▸ Problem to work on
Copy each line of the records below that has "Chris" in it.

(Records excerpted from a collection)
· · · · · · ·

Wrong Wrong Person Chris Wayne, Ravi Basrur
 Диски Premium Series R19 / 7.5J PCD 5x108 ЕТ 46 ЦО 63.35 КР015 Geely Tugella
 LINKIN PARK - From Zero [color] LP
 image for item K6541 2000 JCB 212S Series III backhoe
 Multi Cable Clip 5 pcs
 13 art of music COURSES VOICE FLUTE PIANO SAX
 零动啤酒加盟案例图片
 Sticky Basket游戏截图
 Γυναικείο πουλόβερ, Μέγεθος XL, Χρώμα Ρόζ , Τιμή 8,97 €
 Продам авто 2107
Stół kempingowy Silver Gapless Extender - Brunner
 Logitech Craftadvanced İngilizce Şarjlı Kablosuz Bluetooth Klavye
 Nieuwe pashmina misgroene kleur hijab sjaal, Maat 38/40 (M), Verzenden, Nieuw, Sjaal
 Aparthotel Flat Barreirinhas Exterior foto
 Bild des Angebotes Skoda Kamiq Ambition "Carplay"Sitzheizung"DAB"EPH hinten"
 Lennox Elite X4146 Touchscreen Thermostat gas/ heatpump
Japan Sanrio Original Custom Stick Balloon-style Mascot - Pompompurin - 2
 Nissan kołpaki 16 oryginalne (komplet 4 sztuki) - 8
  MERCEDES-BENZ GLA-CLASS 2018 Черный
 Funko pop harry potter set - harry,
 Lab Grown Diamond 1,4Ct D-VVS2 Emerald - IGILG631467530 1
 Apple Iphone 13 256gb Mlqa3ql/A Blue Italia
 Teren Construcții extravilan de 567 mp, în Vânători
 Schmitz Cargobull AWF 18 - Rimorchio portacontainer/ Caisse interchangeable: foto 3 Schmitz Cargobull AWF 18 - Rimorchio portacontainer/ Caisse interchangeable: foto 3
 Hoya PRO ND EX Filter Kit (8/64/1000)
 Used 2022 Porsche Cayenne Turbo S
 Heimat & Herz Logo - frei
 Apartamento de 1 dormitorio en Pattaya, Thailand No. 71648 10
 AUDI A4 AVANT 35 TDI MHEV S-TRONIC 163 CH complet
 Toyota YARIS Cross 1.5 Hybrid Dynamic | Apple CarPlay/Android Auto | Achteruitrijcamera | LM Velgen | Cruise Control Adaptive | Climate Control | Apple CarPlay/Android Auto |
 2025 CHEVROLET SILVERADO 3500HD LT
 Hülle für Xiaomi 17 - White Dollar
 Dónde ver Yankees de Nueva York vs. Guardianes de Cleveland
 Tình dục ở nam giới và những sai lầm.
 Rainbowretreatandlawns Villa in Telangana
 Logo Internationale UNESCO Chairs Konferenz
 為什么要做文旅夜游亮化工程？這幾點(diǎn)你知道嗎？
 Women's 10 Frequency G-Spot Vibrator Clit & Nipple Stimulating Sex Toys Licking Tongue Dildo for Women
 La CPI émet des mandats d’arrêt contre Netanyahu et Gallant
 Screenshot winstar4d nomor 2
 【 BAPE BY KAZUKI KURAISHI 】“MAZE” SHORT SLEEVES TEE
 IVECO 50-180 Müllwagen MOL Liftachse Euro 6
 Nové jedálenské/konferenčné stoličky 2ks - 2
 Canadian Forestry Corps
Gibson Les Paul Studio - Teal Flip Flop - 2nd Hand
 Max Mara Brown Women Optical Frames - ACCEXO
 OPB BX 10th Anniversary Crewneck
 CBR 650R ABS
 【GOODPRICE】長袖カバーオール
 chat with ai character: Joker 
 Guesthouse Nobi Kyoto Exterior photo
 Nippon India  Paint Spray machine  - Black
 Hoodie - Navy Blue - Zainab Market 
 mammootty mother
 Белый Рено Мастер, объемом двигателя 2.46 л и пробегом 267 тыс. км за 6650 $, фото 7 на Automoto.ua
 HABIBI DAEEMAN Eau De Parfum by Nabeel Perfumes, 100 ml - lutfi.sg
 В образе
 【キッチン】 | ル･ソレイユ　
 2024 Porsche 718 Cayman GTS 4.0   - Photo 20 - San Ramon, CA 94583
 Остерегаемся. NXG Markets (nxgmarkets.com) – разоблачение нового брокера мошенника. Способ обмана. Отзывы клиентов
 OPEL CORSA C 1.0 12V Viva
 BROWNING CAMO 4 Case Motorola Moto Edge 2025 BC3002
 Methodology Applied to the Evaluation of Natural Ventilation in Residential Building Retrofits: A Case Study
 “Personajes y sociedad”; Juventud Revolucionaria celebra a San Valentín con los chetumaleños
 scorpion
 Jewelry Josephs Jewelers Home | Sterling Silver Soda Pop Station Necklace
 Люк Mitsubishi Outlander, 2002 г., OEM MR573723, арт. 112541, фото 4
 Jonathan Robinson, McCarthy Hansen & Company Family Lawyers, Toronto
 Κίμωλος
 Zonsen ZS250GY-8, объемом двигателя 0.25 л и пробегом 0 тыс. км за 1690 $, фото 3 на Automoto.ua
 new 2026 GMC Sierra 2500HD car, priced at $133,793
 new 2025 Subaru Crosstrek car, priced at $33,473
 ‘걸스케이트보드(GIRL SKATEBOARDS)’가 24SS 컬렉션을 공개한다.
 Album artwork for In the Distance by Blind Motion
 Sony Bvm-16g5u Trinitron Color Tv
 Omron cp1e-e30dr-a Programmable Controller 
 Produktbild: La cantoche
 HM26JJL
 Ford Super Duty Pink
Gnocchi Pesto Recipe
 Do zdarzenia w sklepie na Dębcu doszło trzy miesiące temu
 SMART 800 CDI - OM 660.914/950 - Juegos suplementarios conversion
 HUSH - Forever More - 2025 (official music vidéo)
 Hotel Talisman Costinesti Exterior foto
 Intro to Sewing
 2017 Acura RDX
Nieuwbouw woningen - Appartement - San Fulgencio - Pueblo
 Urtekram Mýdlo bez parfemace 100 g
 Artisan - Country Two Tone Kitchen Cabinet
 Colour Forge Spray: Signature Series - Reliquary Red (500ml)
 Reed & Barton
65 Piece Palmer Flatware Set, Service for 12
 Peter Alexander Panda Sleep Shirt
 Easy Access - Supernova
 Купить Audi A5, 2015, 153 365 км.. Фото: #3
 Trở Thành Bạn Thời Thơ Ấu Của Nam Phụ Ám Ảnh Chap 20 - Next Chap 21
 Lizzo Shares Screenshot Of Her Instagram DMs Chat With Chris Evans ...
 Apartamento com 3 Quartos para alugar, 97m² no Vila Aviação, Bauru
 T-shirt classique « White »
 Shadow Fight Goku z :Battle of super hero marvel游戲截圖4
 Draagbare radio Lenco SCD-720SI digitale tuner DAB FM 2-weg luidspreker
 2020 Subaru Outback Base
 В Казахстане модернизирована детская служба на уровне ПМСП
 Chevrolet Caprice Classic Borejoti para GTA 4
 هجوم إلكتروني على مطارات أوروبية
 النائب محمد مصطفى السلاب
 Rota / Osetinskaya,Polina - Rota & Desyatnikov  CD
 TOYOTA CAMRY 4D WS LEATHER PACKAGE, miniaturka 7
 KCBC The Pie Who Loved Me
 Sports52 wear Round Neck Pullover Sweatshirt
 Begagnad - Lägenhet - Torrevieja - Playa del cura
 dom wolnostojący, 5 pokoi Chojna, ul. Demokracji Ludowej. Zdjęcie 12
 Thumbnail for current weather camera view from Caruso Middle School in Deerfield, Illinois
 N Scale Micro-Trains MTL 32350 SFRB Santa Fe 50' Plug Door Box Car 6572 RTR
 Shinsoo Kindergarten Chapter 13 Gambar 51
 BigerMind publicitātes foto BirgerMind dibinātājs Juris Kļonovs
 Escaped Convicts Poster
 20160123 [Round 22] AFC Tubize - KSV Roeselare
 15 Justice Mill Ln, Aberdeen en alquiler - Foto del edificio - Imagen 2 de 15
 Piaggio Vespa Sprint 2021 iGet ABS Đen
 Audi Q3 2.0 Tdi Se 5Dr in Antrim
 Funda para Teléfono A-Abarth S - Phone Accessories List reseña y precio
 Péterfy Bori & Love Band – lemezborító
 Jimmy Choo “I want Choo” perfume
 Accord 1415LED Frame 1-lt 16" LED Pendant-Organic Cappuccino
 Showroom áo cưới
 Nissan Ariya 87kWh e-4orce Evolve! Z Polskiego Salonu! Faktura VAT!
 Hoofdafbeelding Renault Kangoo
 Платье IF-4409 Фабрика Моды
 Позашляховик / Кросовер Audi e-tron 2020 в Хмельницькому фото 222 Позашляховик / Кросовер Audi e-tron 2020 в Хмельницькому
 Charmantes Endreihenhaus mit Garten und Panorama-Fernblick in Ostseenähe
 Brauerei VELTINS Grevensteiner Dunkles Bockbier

· · · · · · ·

▸ Output of the task
Wrong Wrong Person Chris Wayne, Ravi Basrur
 Lizzo Shares Screenshot Of Her Instagram DMs Chat With Chris Evans ...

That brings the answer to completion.